Ричард Пайпс: Я увидел воочию, как функционирует государственный аппарат, как он принимает решения впопыхах, без должных знаний и продумывания последствий своих шагов. Моя оценка Рейгана, однако, была весьма высокой: он, может быть, и не обладал обширной эрудицией, но был человеком очень здравым и, в общем, действовал правильно. Что касается меня лично, то хочется думать, что я внес некий вклад в формирование политики в отношении СССР и Польши.

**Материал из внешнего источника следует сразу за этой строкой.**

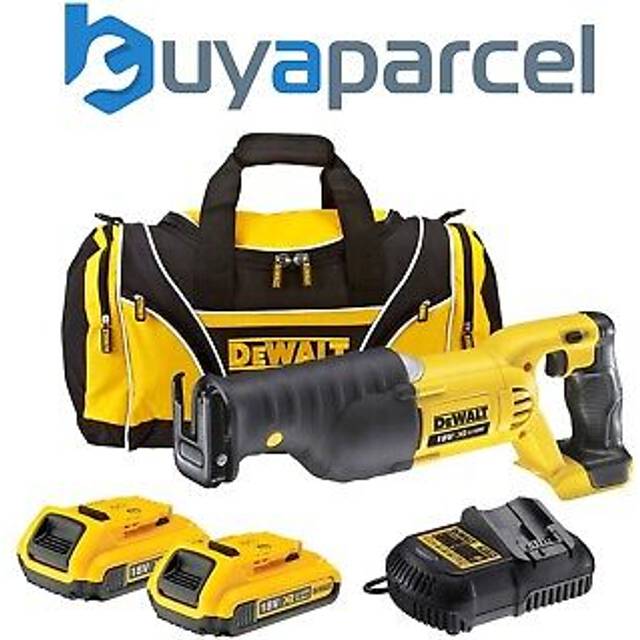 Dewalt DCS380D2 18v XR Reciprocating Sabre Saw Li-ion + 2 x 2.0ah Charger + Bag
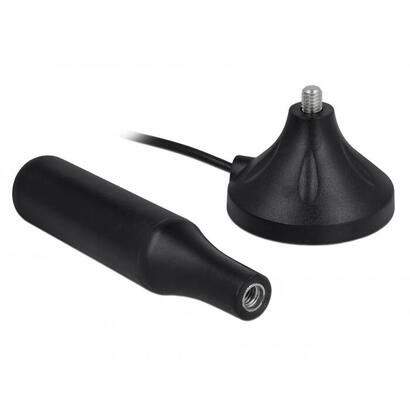 delock-lte-antenne-sma-stecker-3-5-dbi-124-cm-starr-omnidirektional-mit-magnetischem-standfuss-und-anschlusscable-rg-174-a-u-3-m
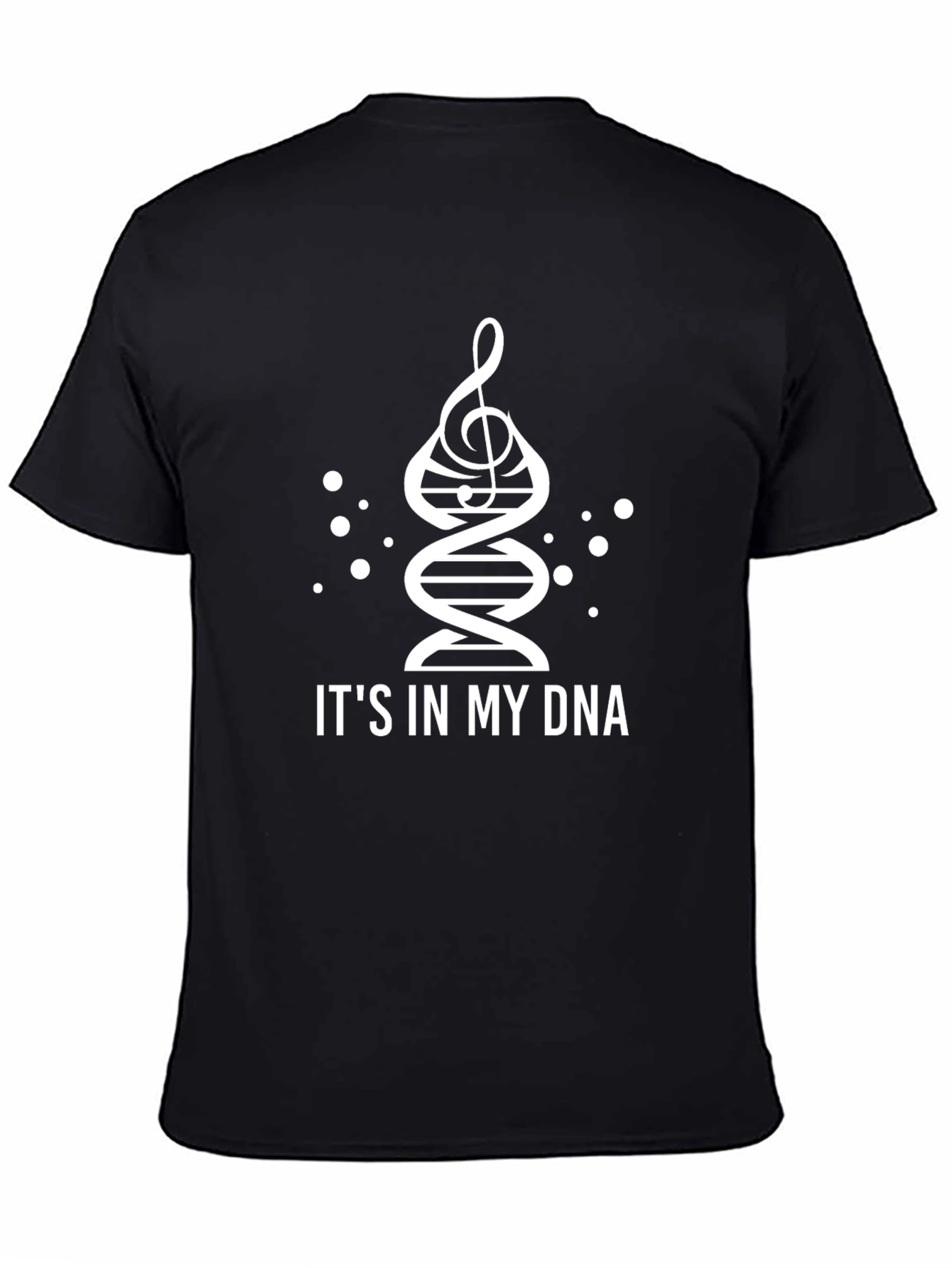 Musical DNA Graphic T-Shirt - Black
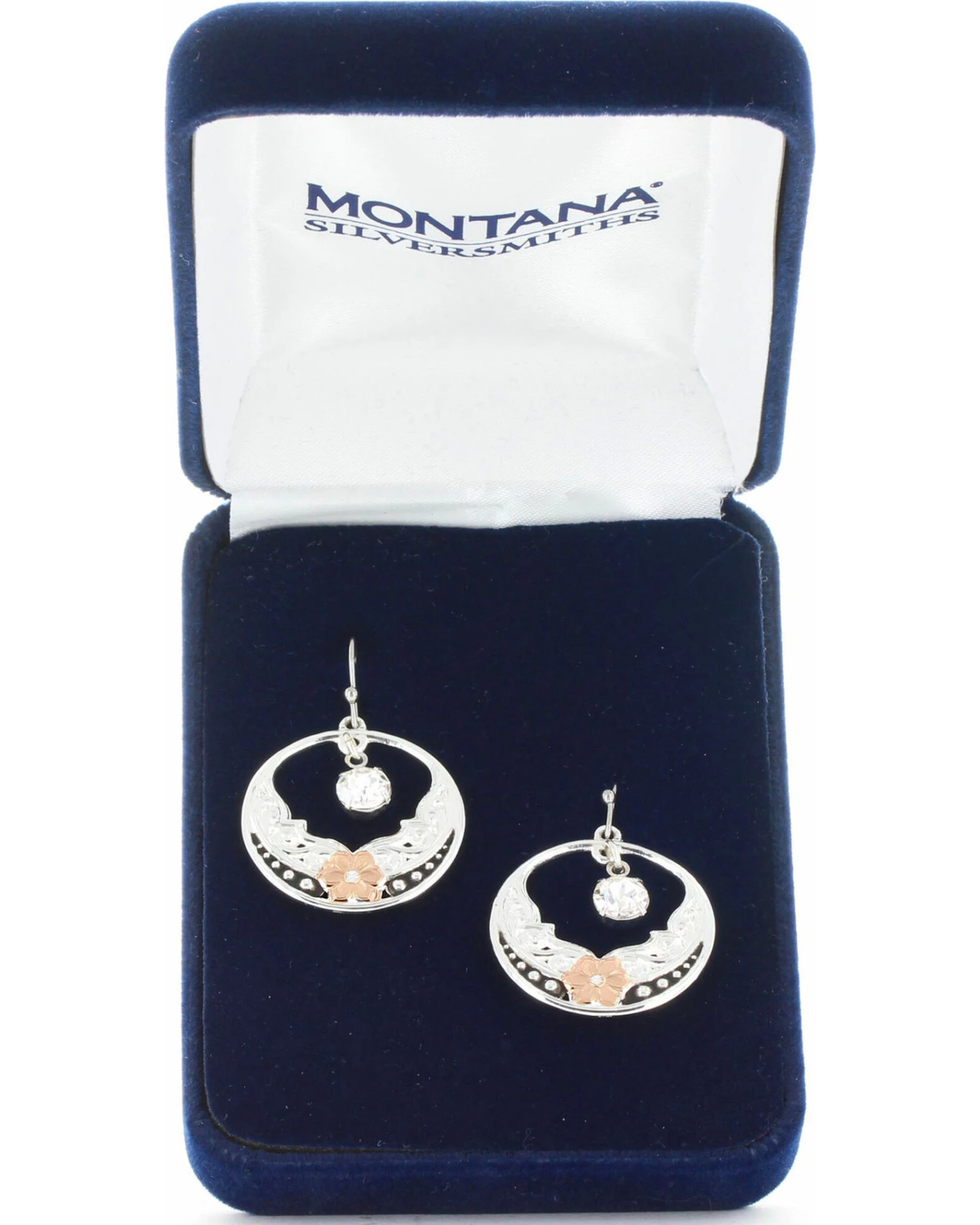 Montana Silversmiths Women's Evening Star's Wild Rose Earrings 2 Montana Silversmiths Women's Evening Star's Wild Rose Earrings - Image 2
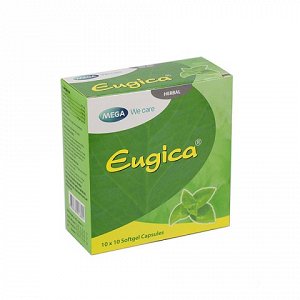 Капсулы Eugica с натуральными маслами для горла детям и взрослым, 100 шт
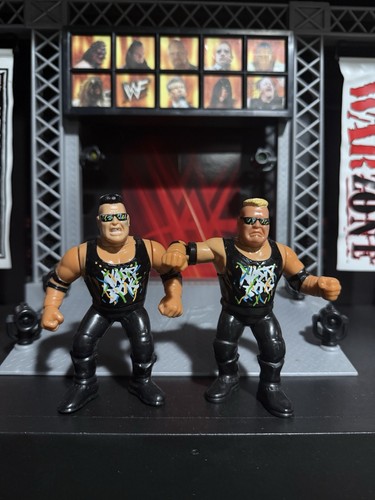 Nasty Boys WWF WWE Hasbro Wrestling 1991 Titan Spo...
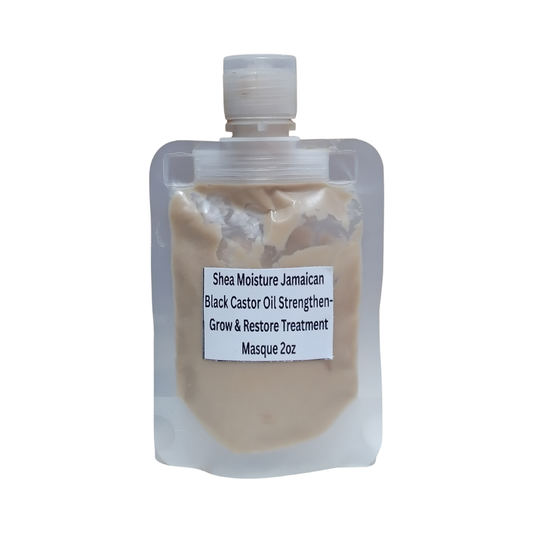 Trial Size Shea Moisture Jamaican Black Castor Oil Strengthen & Restore Hair Masque, 2 oz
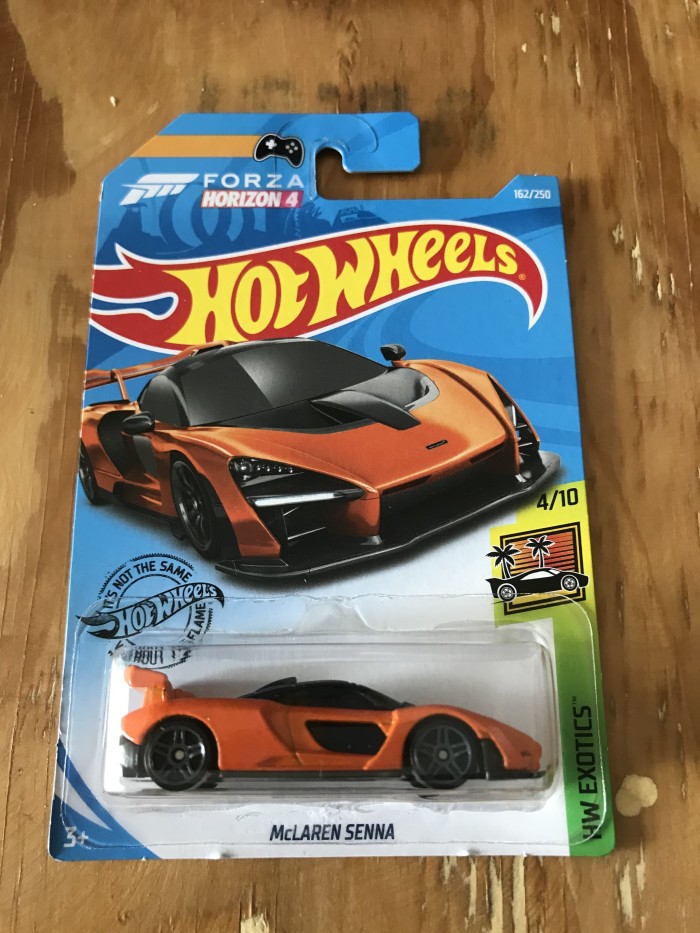 Hot Wheels Long Card 162//250 McLaren Senna orange forza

Я внес некий вклад в формирование политики в отношении СССР и Польши
Евгений Аронов: Впрочем, в тесное повседневное сотрудничество ученых и чиновников Пайпс верит слабо. Во-первых, аппарат президента, несмотря на все свои внутренние раздоры, враждебно воспринимает попытки сторонних экспертов навязать ему свои взгляды. А во-вторых,...
Ричард Пайпс: Влияние ученых на политиков не может быть особенно сильным, поскольку ученые по складу ума и роду деятельности не ориентированы на результат. Я сам ученый и, будучи в Белом доме, пытался привлекать коллег из академического мира к консультантской работе, но толку от этого было мало. Меня очень злила их неспособность сформулировать практические советы по кругу вопросов, которыми они занимались. Помню, мне поручили разработать предложения по экономическим санкциям, которые администрация хотела применить к Москве и Варшаве после введения в Польше военного положения. Я пригласил в своей кабинет одного видного специалиста по санкциям, который рассказал мне много интересного, но когда я спросил его: "Что же нам делать?", он недоуменно посмотрел на меня и переспросил: "Делать?".
Евгений Аронов: Знал ли профессор Пайпс кого-либо в американском научном мире или в государственном аппарате, кто предсказывал, что Советский Союз начнет рушиться во второй половине 80-х годов?
Ричард Пайпс: В академическом мире на тот момент господствовала "ревизионисткая" точка зрения, что советский строй необыкновенно прочный и любимый народом и что он никогда не рухнет. В Госдепартаменте преобладали такие же настроения. Но в Белом доме перспективы виделись совсем иначе, и Рейган лично неоднократно говорил, что Советский Союз недолговечен.
Евгений Аронов: А что думали по этому поводу в других ведомствах, например, в Пентагоне или ЦРУ?
Ричард Пайпс: Аналитики в армии и разведке, наверное, оценивали перспективы выживания СССР более скептически, но никто, насколько я знаю, не верил, что деградация системы зашла настолько далеко и что ее ждет скорая гибель. Я лично предполагал, что режим пойдет по пути глубоких реформ типа китайских. Сценарий коллапса никто не предсказывал.
Евгений Аронов: Если прогнозировать распад Советского Союза было очень сложно, то почти полный развал исследований, связанных с Россией, после исчезновения СССР, предсказывали все. Так и произошло. Сейчас в американских университетах в моде Китай, говорит Ричард Пайпс. "Если на мои лекции в Гарварде когда-то записывались по несколько сот студентов, то в прошлом году курс по русской истории привлек лишь двенадцать человек. И к книгам по России издатели сейчас относятся равнодушно. Может ли это измениться? Предположительно, да, если в России вдруг произойдет резкая смена курса в сторону диктатуры или, наоборот, демократии. Но при сохранении нынешних тенденций дальнейшее затухание российских исследований неизбежно", – полагает Ричард Пайпс.